Give the lines again exactly as they appear, from the first line of the listing through the line containing "Stoffmaske für Damen, wiederverwendbar, Hautpflege, verstellbare", and omit every picture.

★ ★ ★ ★ ★ ★ ★

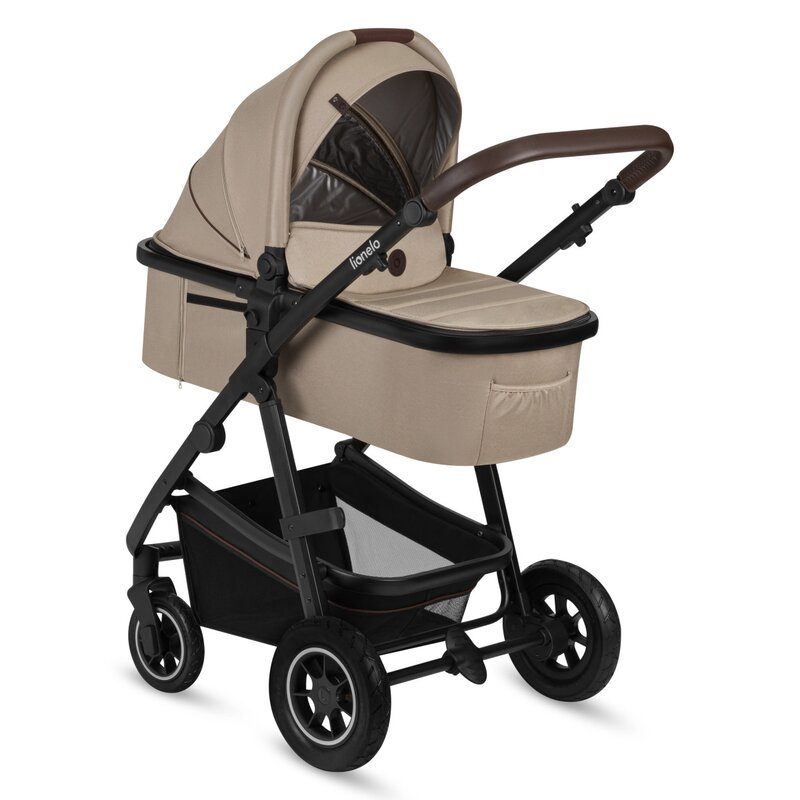 Carucior 3 in 1, Lionelo, Amber, Cadru aluminiu, Cu landou intarit si salteluta moale, Cu scoica auto testata ADAC, Reversibil, Cu accesorii, Geanta parinti, Pana la 22 kg, Bej [12]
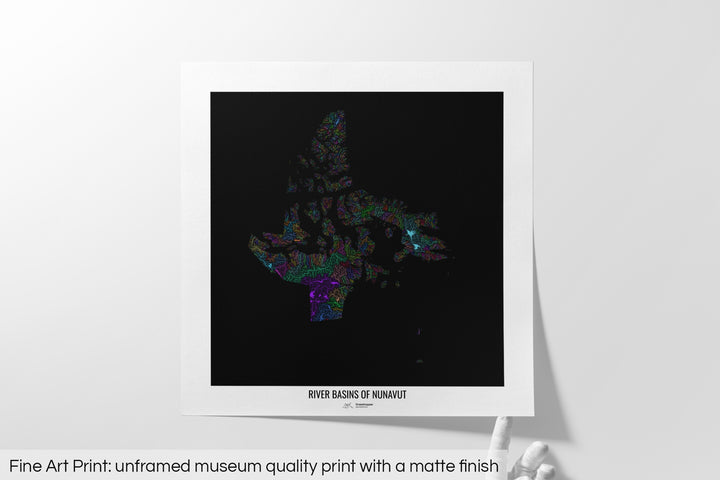 Nunavut - River basin map, pastel colours - Wall Art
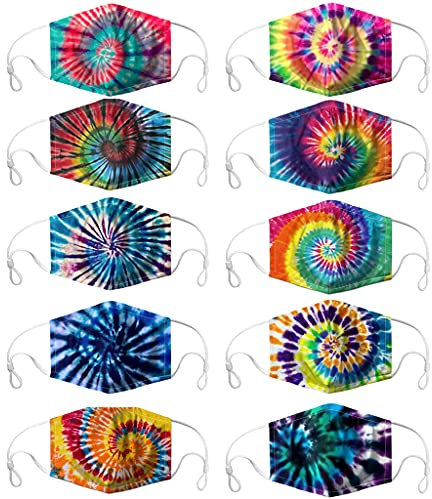 Stoffmaske für Damen, wiederverwendbar, Hautpflege, verstellbare Ohrschlaufen, Filter, Nase, Draht, Batik, 6, 10 Stück
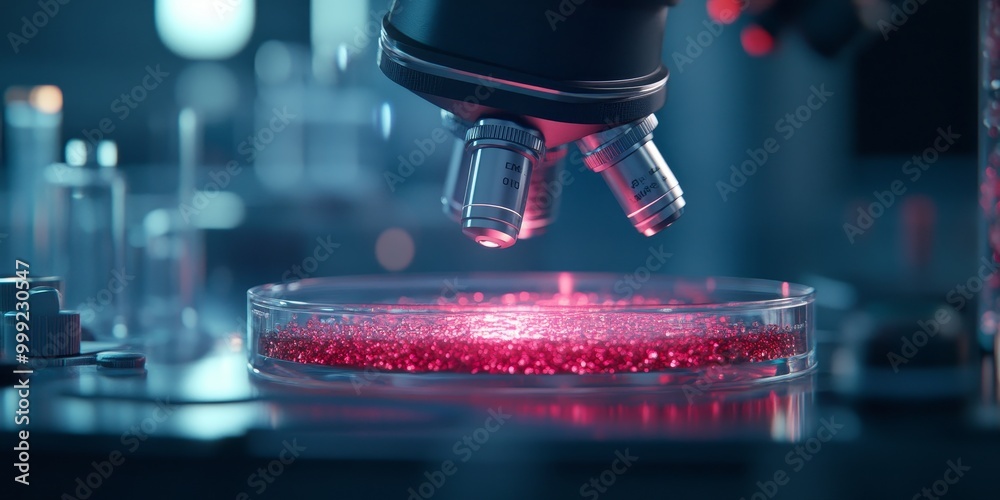 Poster an experiment in a petri dish under a microscope, with detailed cellular processes and lab tools in 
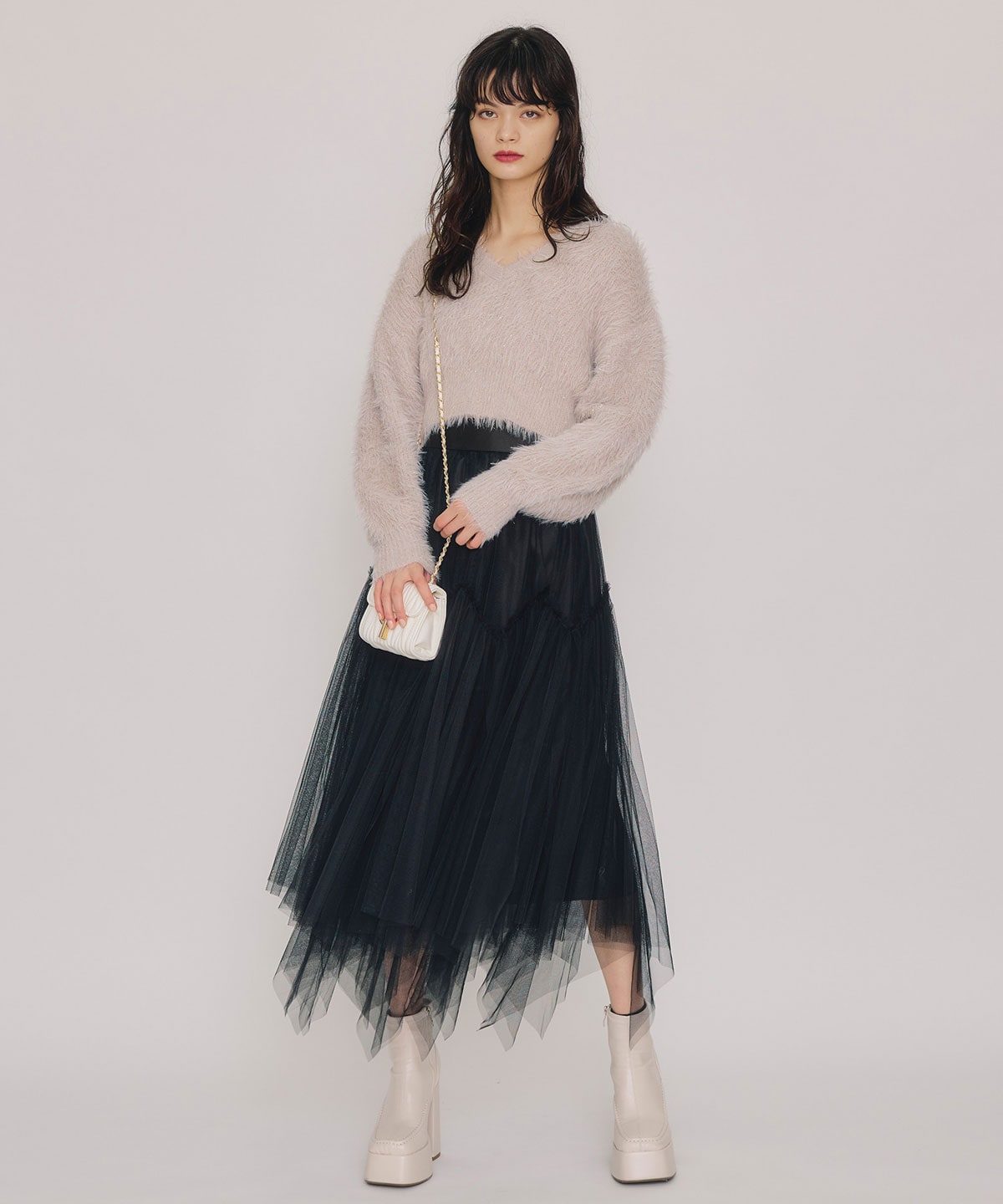 チュールフレアロングスカート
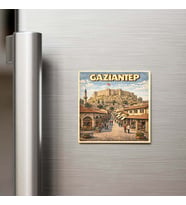 Gaziantep Şehri - Pop-Art Travel - 9x9 cm Buzdolap Magneti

★ ★ ★ ★ ★ ★ ★

◆ **Exercise solution**:
 Carucior 3 in 1, Lionelo, Amber, Cadru aluminiu, Cu landou intarit si salteluta moale, Cu scoica auto testata ADAC, Reversibil, Cu accesorii, Geanta parinti, Pana la 22 kg, Bej [12]
 Nunavut - River basin map, pastel colours - Wall Art
 Stoffmaske für Damen, wiederverwendbar, Hautpflege, verstellbare Ohrschlaufen, Filter, Nase, Draht, Batik, 6, 10 Stück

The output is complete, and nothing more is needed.